Slow boat to justice

  • The government keeps dilly-dallying while frustrated conflict victims keep waiting.
- GEJA SHARMA WAGLE

Apr 12, 2019-

The transitional justice process remains incomplete nearly 13 years after the signing of the Comprehensive Peace Accord and the management of the combatants of the then rebel Communist Party of Nepal (Maoist) in 2006. The formation of a five-member recommendation committee led by former chief justice Om Prakash Mishra to reconstitute the Truth and Reconciliation Commission and the Commission of Investigation on Enforced Disappeared Persons has brought the transitional justice discourse into the limelight again. But the fate of transitional justice and is as elusive as ever because of the vested and contradictory interests of the ruling and opposition parties.
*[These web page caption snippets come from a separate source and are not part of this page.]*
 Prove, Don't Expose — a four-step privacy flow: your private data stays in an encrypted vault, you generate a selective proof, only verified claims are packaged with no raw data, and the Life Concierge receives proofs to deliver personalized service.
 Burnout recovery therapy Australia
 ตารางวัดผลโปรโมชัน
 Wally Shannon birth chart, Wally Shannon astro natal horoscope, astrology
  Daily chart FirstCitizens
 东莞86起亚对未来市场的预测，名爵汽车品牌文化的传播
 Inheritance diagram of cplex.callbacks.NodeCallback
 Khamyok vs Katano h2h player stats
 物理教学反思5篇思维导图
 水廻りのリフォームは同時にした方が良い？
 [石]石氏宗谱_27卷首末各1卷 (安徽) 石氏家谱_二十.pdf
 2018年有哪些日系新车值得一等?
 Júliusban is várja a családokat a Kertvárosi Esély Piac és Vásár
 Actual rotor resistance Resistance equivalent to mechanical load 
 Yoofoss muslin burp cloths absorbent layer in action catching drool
From the start, the victims, civil society and international community have been demanding that the highly controversial transitional justice law be amended and the commissions be restructured. The existing transitional justice law does not meet international standards. It is not victim or human rights friendly,.Rather, it is perpetrator friendly. If the government and the ruling Nepal Communist Party are sincere in their commitment to transitional justice, they should amend the law and restructure the commissions. That will pave the way for justice and reparation.

No general amnesty

The government should amend the law in line with the 2015 Supreme Court ruling and the Comprehensive Peace Agreement. The amended law must state that there will be no general amnesty for serious human rights violations, and clearly define killing, disappearance, torture and rape as serious human rights crimes. Conflict victims have been demanding their representation and participation in the entire process. The government should consult them with regard to the process as they are the main stakeholders. If the government ensures meaningful consultation and participation, the victims will take ownership. Unless the victims take ownership, the ongoing process will be a futile exercise and a waste of time.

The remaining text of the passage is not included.